Hansen originally bought the 840 from Byerly Aviation in Peoria, Illinois, which had taken delivery of it new from the factory and had flown it less than 300 hours as a demonstrator. “I put it to work in the company,” Hansen says. Furnas was a Batavia, Illinois-based manufacturer of electric motor controls that Hansen's grandfather founded in 1940. “We ran engineers and sales people around, taking care of customer issues, calling on customers, and overseeing five other plants.”

The company also operated a Citation II and later a Citation V and employed professional pilots, but Hansen frequently flew the 840 himself with one of the company pilots. When Hansen retired he kept the Twin Commander, and about 10 years ago he upgraded the 840 with TPE-331-10T engines. He's also had it repainted and the interior refurbished at Byerly.


As do all airplane owners, he's looked around at other makes and models, both turboprops and jets, to see how they might make his flying more efficient, but his analysis always arrives at the same conclusion: the Twin Commander does the job quite well, thank you.

“We regularly fly to one difficult airport—Telluride, Colorado,” Hansen says. (The elevation at Telluride is 9,078 feet MSL with higher mountain peaks in all quadrants.) “The 840 is the only airplane I know of that can leave Telluride late in the day when it's hot and the density altitude is high with four passengers and enough fuel to get to Chicago (about 950 nmi) and still climb out at 400 fpm on one engine.”

Hansen says he confirmed the 840's performance while at a recurrent training session at FlightSafety International. “I had them program Aspen Airport into the simulator (elevation 7,820 feet MSL), and asked them to crank up the ambient temperature to 30 degrees Celsius. That made the density altitude about 11,500 feet.

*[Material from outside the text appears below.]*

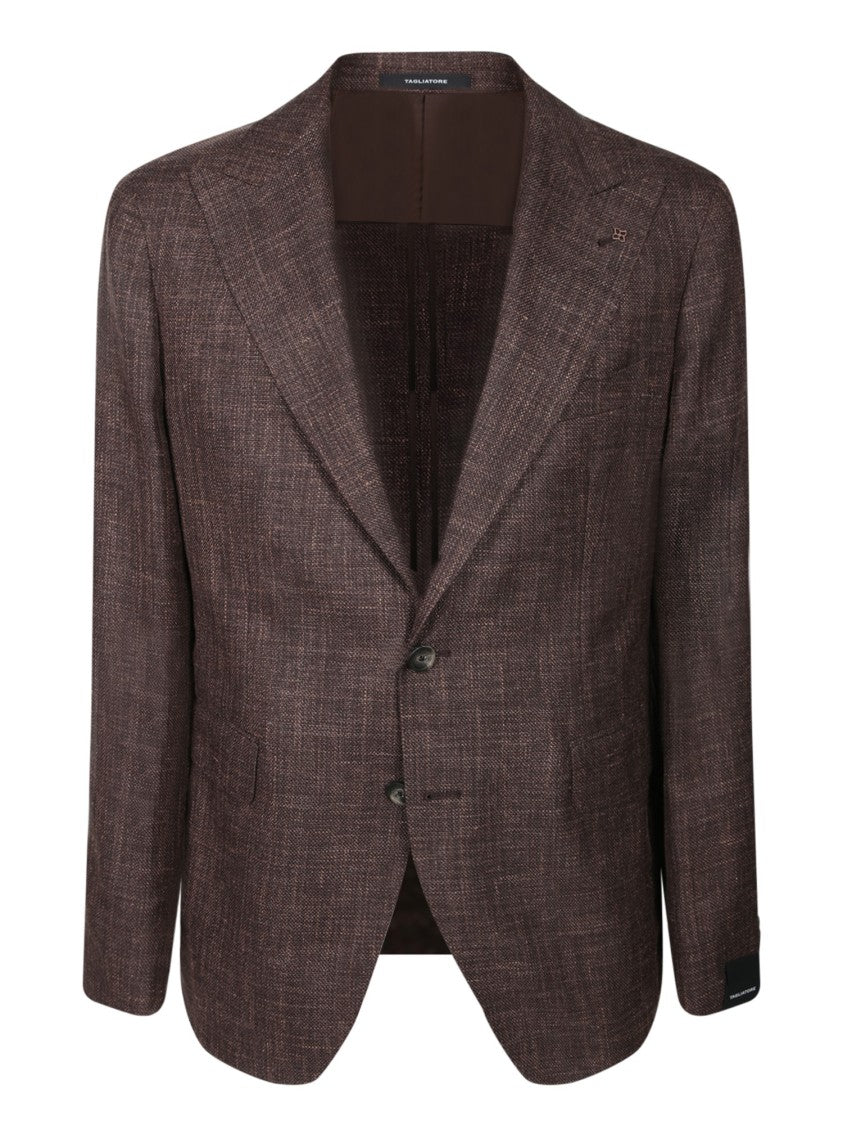 Tagliatore Virgin Wool-Silk-Linen Blend Brown Blazer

We took off at gross weight, and the instructor cut an engine. The first time I climbed out at 500 feet per minute, and 450 feet per minute the second time. On one takeoff I forgot to raise the gear and I was still going uphill at 250 feet per minute. That says everything about the airplane to me.”

But wait, there’s more. “Then, of course, you also get 300 knots in cruise. The Commander is one helluva performer,” Hansen says.

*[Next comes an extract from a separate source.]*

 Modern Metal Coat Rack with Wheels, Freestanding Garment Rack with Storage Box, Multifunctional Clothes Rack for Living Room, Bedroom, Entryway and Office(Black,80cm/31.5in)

“I looked at lots and lots of airplanes when I was thinking of upgrading,” he continues. “None can do what the Commander can. A jet is faster, but from here (Aurora, Illinois, where he bases the airplane) to Telluride costs more than twice as much in the jet. And we'd have to leave Telluride before the temperature gets up above 55 degrees Fahrenheit.”

A pilot since 1956, Hansen has a Commercial certificate with multiengine, instrument, and seaplane ratings. His 7,000 hours hasn't all been for transportation. He was an active warbird pilot and owner who restored a flew a Curtiss-Wright P-40E Kittyhawk, North American P-51 Mustang, one of two Grumman F4F Wildcats recovered from Lake Michigan, and other vintage aircraft including two Beech Staggerwings, one of which was his first business aircraft. “I flew it many hours on instruments,” he says. “Steam gauges.”

In 1997 he entered the first FIA International Long Range Race with two friends, in the 840. They led until the last leg, which ended in Turkey. Because of handicapping based on flight manuals of the aircraft involved, they lost by three minutes to a team sponsored by the Turkish Aero Club, which hosted the race. A second Atlantic crossing was made several years later with his family. “With the excellent range and turboprop security, everyone felt quite comfortable,” Hansen says.

Hansen also has made a North Atlantic crossing in a Beech 18 that he owned.

These days he uses the 840 to travel to Telluride, Scottsdale, and a home in northern Wisconsin. He always takes another crewmember, a professional pilot on loan from Byerly, a practice he has followed since turning 60. “The passengers are a lot more comfortable when they see two of us up front,” he says.

Although his flying has tapered off, he has no plans to sell the 840. “I’m convinced this is an airplane I will keep forever. There isn’t anything out there for the same money that will do the same thing. A King Air 200 can carry more passengers, but I don’t need that. And it has higher fuel consumption. The Citation V would save me an hour and five minutes from Scottsdale to Aurora, but as a retired person I’m not in that much of a hurry.

“Besides,” he adds, “my wife loves the picture windows and that big baggage compartment.”